Desperate Games
‘No –’
She interrupted herself and uttered an exclamation, finally seeing the light herself. She had had a vague feeling for a long time that the previous failures had a very simple cause, but she could not define it.
‘I understand, I understand,’ she murmured, ‘but continue your explanation of what you’re thinking all the same.’
‘Well, Madame,’ said Rousseau, swelling with pride, ‘even though I don’t have a specific project to present to you myself, I really believe I have discovered the flaw in all our previous inventions, even including super-wrestling. Let’s take it as an example: the visual element was excellent, perfect, that’s why it lasted so long, but it failed to make an auditory impression. It lacked sound, noise. It is only possible to enthrall human beings by appealing to all their senses, or at least the main ones.’
‘He’s right,’ exclaimed Yranne. ‘We’ve been stupid.’
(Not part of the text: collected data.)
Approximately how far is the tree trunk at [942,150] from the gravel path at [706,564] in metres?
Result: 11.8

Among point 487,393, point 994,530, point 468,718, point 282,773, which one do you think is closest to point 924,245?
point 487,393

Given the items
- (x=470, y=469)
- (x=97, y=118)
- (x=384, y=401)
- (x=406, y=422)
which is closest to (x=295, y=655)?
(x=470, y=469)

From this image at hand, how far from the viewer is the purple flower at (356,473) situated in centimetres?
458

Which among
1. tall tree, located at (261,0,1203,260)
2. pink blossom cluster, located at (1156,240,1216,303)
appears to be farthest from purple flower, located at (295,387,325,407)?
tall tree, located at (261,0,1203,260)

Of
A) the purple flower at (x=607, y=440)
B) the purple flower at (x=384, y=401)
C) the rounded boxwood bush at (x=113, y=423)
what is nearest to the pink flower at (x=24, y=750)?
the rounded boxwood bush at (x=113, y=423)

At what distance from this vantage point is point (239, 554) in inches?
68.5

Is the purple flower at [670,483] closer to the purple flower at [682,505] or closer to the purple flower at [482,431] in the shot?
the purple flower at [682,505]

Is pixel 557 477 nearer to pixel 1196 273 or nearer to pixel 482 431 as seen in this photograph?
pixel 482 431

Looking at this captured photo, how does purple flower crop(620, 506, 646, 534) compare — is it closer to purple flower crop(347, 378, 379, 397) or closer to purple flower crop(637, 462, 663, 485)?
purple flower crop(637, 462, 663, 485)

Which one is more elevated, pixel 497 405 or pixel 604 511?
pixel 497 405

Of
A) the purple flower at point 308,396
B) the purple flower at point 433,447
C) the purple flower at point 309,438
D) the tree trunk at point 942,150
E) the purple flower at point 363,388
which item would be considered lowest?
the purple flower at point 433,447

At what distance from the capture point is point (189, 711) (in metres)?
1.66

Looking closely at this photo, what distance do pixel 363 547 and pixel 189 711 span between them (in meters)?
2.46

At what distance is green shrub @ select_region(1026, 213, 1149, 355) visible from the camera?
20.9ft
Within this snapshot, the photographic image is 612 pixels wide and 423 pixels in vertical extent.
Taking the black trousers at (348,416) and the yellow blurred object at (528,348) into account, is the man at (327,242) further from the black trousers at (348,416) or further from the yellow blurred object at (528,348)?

‘And me more than anyone,’ Betty admitted bitterly. ‘How could I have neglected the need to make an auditory impression? Wasn’t I the one who came up with the idea of a firework display, and the world anthem? How could we have been so blind?’
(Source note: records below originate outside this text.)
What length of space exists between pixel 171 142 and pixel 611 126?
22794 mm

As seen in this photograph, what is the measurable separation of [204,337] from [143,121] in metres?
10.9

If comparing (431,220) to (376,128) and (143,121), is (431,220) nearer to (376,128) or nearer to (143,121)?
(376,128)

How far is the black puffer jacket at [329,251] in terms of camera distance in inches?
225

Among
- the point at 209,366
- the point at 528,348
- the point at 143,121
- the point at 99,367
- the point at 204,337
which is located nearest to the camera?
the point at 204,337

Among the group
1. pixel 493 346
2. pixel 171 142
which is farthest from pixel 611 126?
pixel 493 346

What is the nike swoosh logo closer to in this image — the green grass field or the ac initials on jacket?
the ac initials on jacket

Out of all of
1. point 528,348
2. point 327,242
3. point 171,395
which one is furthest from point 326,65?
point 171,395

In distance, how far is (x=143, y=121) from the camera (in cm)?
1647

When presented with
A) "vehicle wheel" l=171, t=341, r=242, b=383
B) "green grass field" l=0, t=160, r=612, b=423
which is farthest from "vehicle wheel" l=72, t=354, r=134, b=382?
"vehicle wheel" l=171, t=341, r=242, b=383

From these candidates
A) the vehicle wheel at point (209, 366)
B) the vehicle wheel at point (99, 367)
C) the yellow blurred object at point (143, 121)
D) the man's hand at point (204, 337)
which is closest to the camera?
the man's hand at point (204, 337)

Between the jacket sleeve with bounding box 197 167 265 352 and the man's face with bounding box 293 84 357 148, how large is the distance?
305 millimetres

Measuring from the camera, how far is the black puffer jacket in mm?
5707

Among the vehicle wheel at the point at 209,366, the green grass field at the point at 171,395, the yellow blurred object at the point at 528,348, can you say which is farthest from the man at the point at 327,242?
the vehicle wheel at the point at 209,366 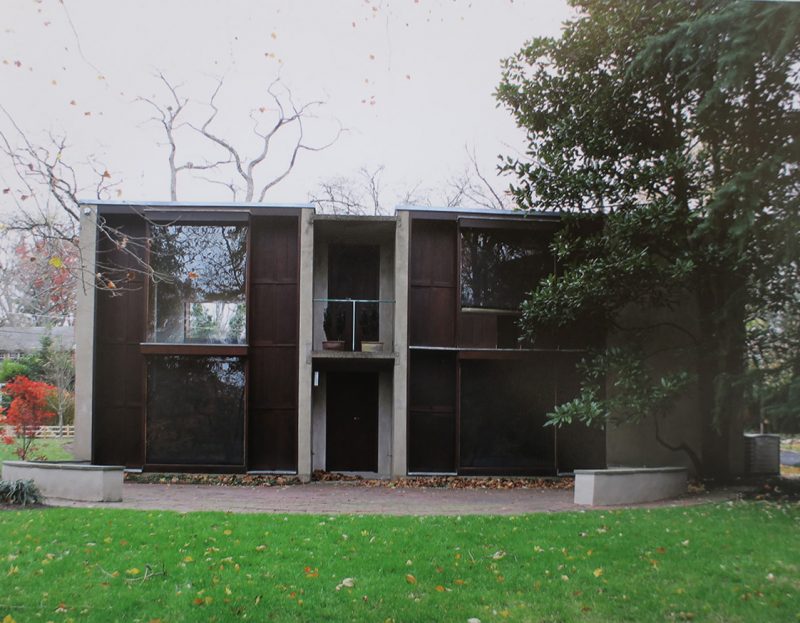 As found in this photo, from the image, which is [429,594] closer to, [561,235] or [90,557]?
[90,557]

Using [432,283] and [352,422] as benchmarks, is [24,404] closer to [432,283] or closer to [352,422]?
[352,422]

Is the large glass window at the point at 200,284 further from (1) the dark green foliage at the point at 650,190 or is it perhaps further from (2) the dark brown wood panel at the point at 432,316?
(1) the dark green foliage at the point at 650,190

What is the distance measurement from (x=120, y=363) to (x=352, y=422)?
5126 mm

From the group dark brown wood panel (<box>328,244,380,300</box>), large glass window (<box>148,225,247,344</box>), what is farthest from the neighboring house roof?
dark brown wood panel (<box>328,244,380,300</box>)

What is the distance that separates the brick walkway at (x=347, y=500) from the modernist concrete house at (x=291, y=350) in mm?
1429

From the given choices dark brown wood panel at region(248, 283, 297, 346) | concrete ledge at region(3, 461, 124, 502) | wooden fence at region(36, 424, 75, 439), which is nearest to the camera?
concrete ledge at region(3, 461, 124, 502)

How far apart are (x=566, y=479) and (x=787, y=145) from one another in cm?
857

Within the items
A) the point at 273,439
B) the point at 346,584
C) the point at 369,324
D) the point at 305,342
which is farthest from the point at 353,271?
the point at 346,584

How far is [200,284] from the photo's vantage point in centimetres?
1582

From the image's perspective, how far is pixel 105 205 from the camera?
51.4ft

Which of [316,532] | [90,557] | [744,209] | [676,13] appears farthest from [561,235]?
[90,557]

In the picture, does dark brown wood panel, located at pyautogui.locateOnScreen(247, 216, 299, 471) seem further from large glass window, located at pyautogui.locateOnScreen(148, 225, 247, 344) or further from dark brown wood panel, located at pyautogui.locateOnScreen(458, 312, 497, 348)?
dark brown wood panel, located at pyautogui.locateOnScreen(458, 312, 497, 348)

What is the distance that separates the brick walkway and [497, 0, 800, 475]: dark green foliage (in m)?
2.10

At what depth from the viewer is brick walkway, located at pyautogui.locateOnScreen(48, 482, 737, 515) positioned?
10969 millimetres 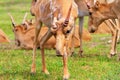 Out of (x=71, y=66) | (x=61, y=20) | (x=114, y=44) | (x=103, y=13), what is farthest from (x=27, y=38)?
(x=61, y=20)

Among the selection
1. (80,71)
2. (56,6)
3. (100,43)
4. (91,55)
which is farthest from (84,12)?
(56,6)

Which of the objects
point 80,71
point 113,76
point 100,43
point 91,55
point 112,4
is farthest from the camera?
point 100,43

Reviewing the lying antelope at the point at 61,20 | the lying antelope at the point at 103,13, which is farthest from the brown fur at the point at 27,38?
the lying antelope at the point at 61,20

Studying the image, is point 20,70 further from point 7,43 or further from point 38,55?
point 7,43

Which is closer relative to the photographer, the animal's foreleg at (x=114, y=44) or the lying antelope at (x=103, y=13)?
the lying antelope at (x=103, y=13)

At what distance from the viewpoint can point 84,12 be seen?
13.5 meters

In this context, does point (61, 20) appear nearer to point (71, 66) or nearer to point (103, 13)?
point (71, 66)

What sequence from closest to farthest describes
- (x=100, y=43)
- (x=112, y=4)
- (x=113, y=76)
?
(x=113, y=76) → (x=112, y=4) → (x=100, y=43)

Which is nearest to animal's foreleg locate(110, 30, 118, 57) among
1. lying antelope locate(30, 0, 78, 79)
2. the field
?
the field

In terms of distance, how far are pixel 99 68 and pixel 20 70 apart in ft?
6.01

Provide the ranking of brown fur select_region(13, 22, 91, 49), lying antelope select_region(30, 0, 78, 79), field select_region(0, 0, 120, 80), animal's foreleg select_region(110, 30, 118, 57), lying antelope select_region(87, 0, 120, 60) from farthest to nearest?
brown fur select_region(13, 22, 91, 49)
animal's foreleg select_region(110, 30, 118, 57)
lying antelope select_region(87, 0, 120, 60)
field select_region(0, 0, 120, 80)
lying antelope select_region(30, 0, 78, 79)

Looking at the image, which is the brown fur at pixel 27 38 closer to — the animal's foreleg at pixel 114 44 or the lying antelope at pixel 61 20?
the animal's foreleg at pixel 114 44

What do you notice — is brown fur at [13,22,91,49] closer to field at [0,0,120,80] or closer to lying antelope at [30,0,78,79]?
field at [0,0,120,80]

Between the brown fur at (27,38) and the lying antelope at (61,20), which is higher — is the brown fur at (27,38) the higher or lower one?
the lower one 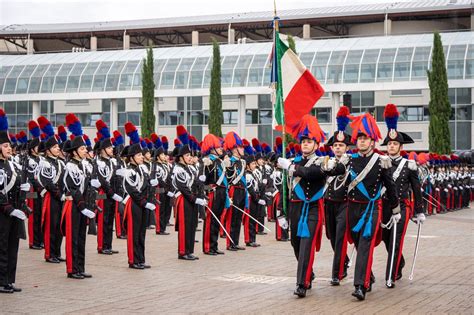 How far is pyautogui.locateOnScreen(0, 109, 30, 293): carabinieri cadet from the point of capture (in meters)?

‘I think you mean deaf, Madame,’ the young man corrected her with a smile. ‘If you will allow me to make a comparison, I would say that our games were comparable to the silent cinema of ancient times. It produced a few masterpieces, but the world became bored with it in the end and demanded sound. When the visual aspect is thrilling, as with wrestling, then it is not so important at first: the crowd supplements the deficiency with the sound of its own cheering and yells. But in the long run it is not enough. In our cavalry charges, it’s true there was the galloping of the horses and the clash of the lances. But this is far from providing a suitable accompaniment. A much more extensive range of sounds is necessary to awaken people’s enthusiasm. As for these submarine games which take place in complete silence, I believe they are doomed to failure and I have only presented them today to provide evidence of the pitfall which we have always come up against.’
‘Brilliant!’ Yranne added.
Mrs Betty Han, who had completely regained her composure, did not fail to perceive the importance of this comment, but did not want to show too much admiration.
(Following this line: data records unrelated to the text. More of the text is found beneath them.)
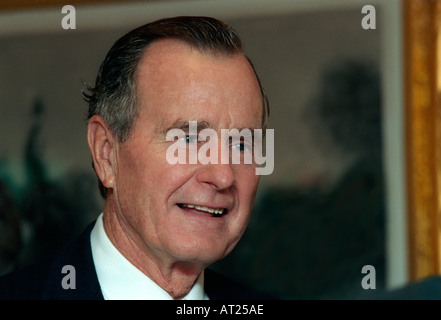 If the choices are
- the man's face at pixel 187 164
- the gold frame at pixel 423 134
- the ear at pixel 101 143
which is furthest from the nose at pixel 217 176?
the gold frame at pixel 423 134

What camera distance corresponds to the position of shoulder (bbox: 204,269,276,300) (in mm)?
954

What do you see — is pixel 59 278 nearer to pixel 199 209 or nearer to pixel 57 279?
pixel 57 279

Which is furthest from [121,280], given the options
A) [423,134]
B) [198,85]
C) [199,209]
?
[423,134]

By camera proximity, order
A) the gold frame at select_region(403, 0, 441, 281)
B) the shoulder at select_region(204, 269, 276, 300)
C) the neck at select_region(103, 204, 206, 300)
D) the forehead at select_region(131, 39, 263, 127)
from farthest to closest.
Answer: the gold frame at select_region(403, 0, 441, 281), the shoulder at select_region(204, 269, 276, 300), the neck at select_region(103, 204, 206, 300), the forehead at select_region(131, 39, 263, 127)

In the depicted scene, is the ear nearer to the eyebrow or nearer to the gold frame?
the eyebrow

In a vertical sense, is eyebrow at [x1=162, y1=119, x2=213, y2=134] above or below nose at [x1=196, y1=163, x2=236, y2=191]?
above

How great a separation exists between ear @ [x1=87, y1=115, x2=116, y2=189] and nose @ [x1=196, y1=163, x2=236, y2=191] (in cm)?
12

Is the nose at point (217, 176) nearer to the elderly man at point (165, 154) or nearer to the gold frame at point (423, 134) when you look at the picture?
the elderly man at point (165, 154)

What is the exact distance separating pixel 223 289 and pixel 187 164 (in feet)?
1.06

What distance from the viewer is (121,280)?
0.82 meters

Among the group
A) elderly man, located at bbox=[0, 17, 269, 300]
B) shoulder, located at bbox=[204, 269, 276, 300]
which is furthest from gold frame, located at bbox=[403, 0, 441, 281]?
elderly man, located at bbox=[0, 17, 269, 300] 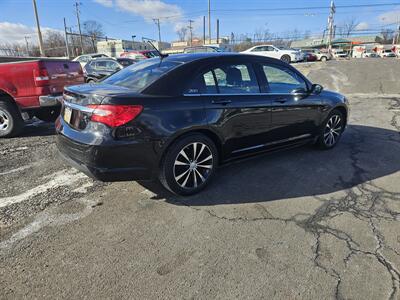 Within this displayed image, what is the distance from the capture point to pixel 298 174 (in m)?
4.49

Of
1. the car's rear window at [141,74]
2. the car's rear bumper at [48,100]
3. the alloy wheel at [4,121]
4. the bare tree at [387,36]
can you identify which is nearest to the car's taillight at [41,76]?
the car's rear bumper at [48,100]

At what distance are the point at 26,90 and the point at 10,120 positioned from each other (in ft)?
2.53

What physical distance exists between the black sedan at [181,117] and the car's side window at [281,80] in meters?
0.02

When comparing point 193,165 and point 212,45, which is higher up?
point 212,45

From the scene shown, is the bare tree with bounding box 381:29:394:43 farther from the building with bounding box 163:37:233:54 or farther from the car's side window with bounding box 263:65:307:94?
the car's side window with bounding box 263:65:307:94

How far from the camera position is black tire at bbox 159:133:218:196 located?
3.52 metres

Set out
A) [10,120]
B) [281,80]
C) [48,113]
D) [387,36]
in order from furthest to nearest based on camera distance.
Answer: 1. [387,36]
2. [48,113]
3. [10,120]
4. [281,80]

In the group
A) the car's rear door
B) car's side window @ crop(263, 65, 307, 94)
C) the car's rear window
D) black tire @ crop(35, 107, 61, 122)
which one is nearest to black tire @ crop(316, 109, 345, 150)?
car's side window @ crop(263, 65, 307, 94)

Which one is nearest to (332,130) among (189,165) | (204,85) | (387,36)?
(204,85)

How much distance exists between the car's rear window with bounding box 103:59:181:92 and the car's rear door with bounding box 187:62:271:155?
464 mm

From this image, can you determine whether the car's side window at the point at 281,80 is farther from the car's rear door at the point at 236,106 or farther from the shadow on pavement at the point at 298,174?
the shadow on pavement at the point at 298,174

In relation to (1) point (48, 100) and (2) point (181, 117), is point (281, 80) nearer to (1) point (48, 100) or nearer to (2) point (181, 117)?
(2) point (181, 117)

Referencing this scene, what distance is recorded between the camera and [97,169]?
319 cm

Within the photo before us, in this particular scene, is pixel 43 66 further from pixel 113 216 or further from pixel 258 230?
pixel 258 230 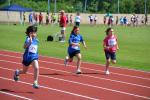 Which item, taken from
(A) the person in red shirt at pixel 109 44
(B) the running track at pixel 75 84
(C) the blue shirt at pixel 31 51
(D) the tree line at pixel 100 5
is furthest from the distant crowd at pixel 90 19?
(C) the blue shirt at pixel 31 51

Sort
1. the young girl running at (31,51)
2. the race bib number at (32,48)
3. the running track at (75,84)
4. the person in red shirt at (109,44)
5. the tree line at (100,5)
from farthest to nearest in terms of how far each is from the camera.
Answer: the tree line at (100,5)
the person in red shirt at (109,44)
the race bib number at (32,48)
the young girl running at (31,51)
the running track at (75,84)

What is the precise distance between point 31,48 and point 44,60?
7.11 m

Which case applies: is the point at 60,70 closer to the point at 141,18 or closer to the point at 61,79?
the point at 61,79

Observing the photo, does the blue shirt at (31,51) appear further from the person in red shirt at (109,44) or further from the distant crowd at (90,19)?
the distant crowd at (90,19)

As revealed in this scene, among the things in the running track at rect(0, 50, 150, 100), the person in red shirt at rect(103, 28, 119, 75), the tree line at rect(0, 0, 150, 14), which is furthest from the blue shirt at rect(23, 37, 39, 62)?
the tree line at rect(0, 0, 150, 14)

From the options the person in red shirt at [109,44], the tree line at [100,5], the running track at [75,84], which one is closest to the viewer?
the running track at [75,84]

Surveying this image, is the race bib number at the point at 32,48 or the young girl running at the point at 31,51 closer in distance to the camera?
the young girl running at the point at 31,51

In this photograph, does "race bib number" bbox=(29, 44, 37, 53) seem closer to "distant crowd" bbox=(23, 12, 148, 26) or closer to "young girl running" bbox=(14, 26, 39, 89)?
"young girl running" bbox=(14, 26, 39, 89)

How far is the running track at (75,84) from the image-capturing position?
37.8 ft

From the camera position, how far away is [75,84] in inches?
524

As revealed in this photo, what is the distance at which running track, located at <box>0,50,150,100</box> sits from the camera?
37.8 ft

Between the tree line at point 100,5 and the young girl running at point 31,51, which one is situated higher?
the tree line at point 100,5

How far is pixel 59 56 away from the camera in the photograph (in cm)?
2098

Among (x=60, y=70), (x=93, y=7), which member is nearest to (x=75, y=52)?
(x=60, y=70) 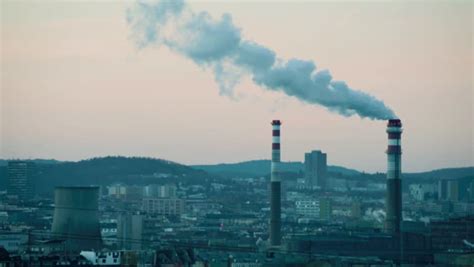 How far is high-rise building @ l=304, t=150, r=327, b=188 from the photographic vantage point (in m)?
94.3

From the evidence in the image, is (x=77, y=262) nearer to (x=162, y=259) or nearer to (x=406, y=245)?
(x=162, y=259)

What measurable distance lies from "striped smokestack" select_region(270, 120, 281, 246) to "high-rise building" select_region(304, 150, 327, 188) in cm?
4309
‘Perhaps,’ she sighed, ‘but all this is still negative. Don’t you have a constructive plan to put to me? This is really urgent.’
The young man said that he did not have anything to offer yet, but that his research would be taking a new direction after this discovery, and that he had high hopes.
It was Betty’s rule to let the researchers follow their own method of working. She dismissed him with an encouraging smile. He went back to his office watched enviously by two young psychologists, the one leaning on his work table, the other on his drawing board. And the two ministers left the laboratory.
‘We might not have anything positive yet,’ Yranne murmured, ‘but I think we’ve taken a big step. As of tomorrow, I’ll also think it over. And I’ll talk about it with Zarratoff too.’
‘Why Zarratoff? How can astronomy help us?’
‘He has the soul of a poet, and poets sometimes have good ideas.’
‘He has always been a bitter enemy of the games.’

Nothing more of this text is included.